## Task details
Copy, word for word, the lines of the entries below between the one with "Death - Scream Bloody Gore Death" and the one with "Company Banner", inclusive, and leave out everything else.

*** Block opens ***

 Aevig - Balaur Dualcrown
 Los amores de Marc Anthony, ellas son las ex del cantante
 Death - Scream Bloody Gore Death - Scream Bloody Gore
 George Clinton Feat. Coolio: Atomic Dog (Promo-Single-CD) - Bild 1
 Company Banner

*** Block closes ***
*** Block opens ***

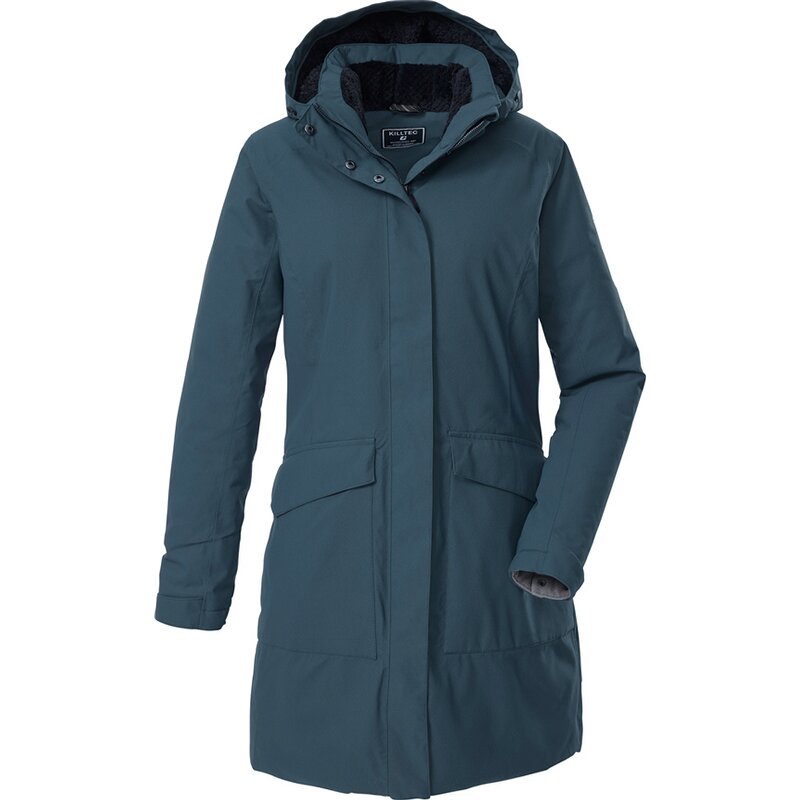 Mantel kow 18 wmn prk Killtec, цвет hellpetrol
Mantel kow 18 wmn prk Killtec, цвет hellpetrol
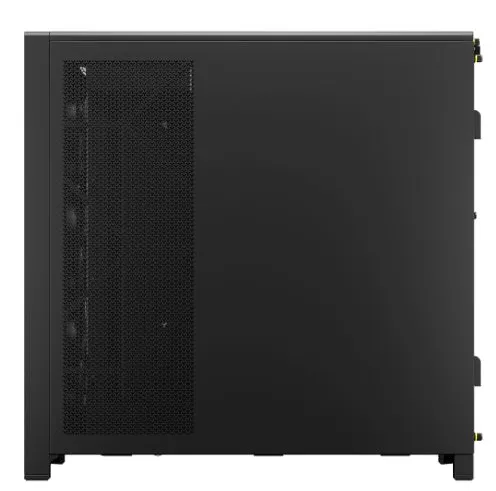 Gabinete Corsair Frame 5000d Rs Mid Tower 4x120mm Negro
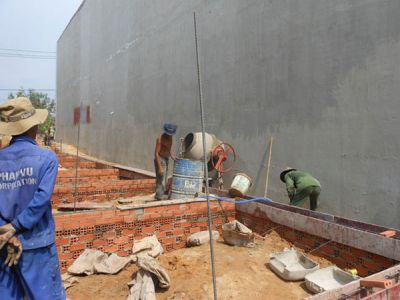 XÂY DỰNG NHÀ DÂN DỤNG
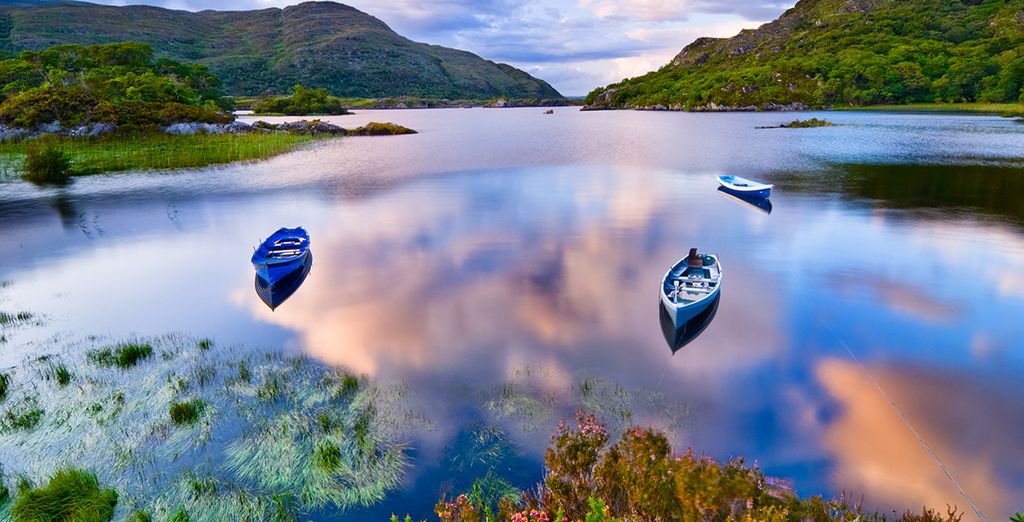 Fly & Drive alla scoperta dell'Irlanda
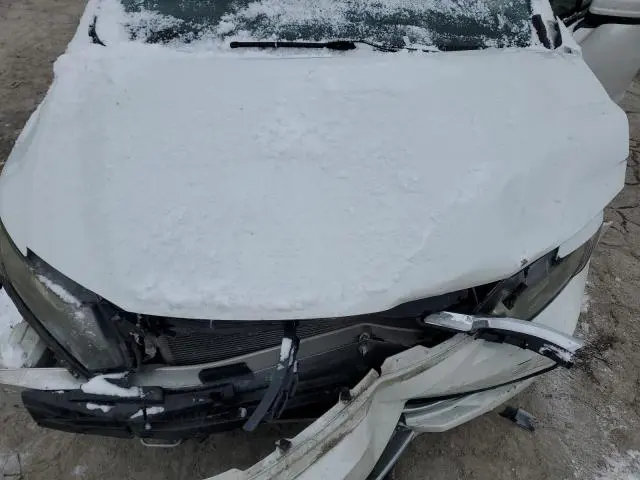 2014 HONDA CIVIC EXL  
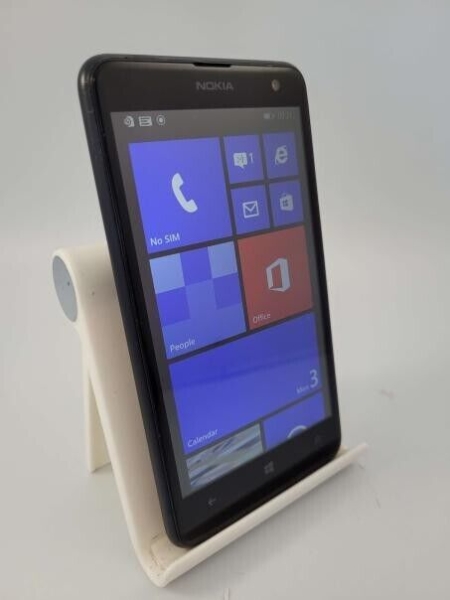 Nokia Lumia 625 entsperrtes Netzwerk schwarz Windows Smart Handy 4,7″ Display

*** Block closes ***

## Exercise solution
 Death - Scream Bloody Gore Death - Scream Bloody Gore
 George Clinton Feat. Coolio: Atomic Dog (Promo-Single-CD) - Bild 1
 Company Banner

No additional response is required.